▸ **Supplied material**

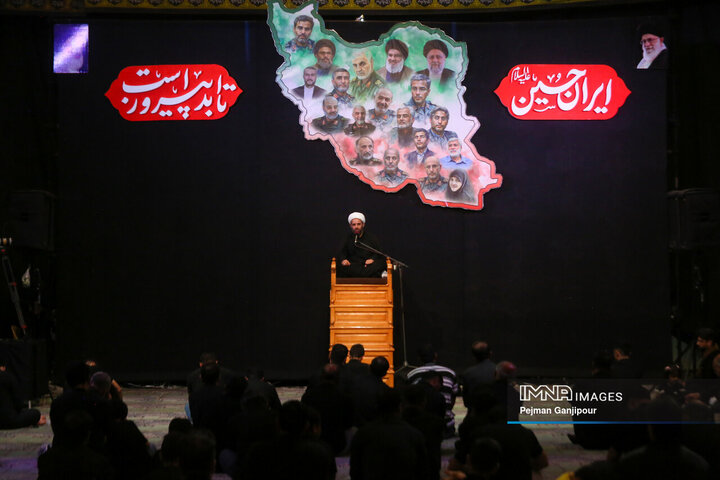 عزاداری شب چهارم محرم در هیئت یادگاران امام(ره)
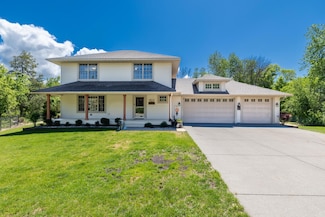 1615 Quasar Ct S, Lakeland, MN 55043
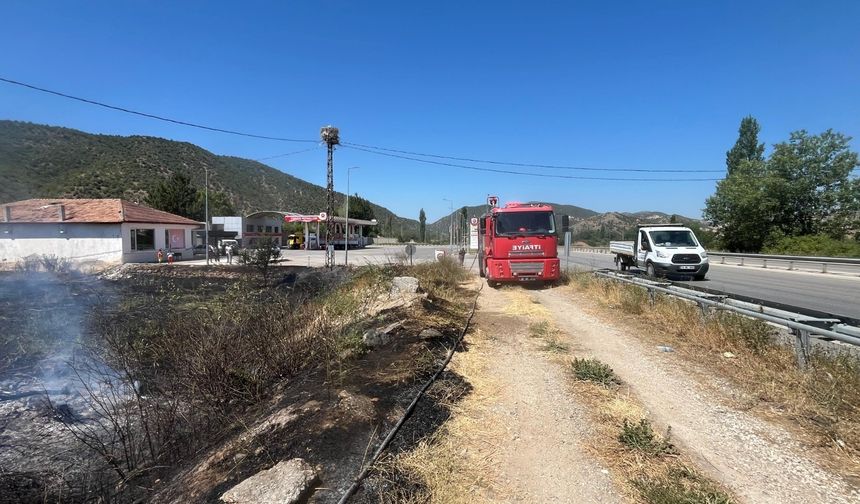 Akaryakıt istasyonu yanında  çıkan örtü yangını  büyümeden söndürüldü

▸ **Directions for this task**
Exclude the pictures and give back the rest of the data above exactly as written.

▸ **Exercise answer**
 عزاداری شب چهارم محرم در هیئت یادگاران امام(ره)
 1615 Quasar Ct S, Lakeland, MN 55043
 Akaryakıt istasyonu yanında  çıkan örtü yangını  büyümeden söndürüldü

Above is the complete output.